- _Information supplied_:
────────────────────────────────────────

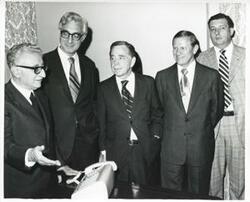 ["Black and white photograph print of Carl Albert, President Leone of Italy, John Volpe, and others. September 26, 1974"]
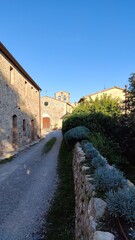 A beautiful old Italian castle turned into a hotel with pool and good views in Toscany, Italy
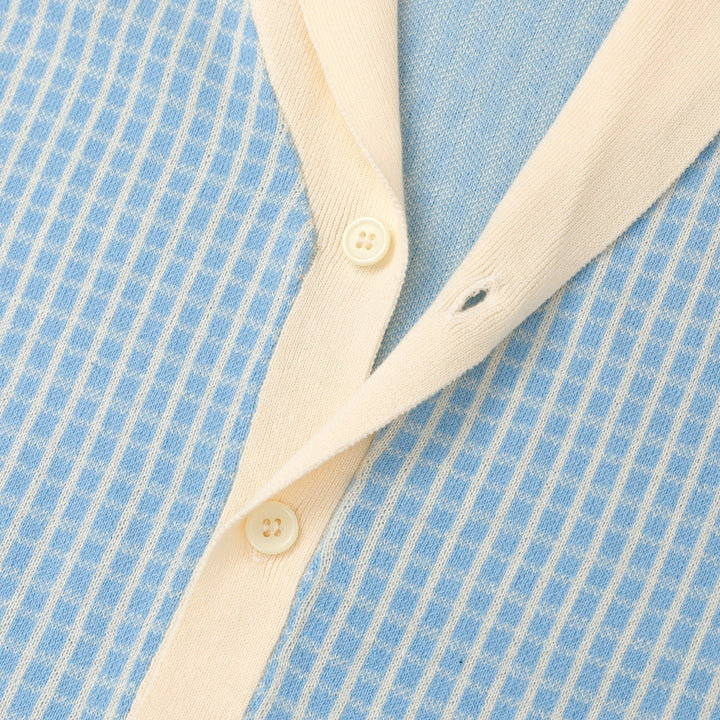 Cardigan en maille bleu pour homme, style preppy années 60 à col châle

────────────────────────────────────────

- _Exercise_: What is wanted is the listing, written out exactly, with each picture removed.

- _Exercise output_:
 ["Black and white photograph print of Carl Albert, President Leone of Italy, John Volpe, and others. September 26, 1974"]
 A beautiful old Italian castle turned into a hotel with pool and good views in Toscany, Italy
 Cardigan en maille bleu pour homme, style preppy années 60 à col châle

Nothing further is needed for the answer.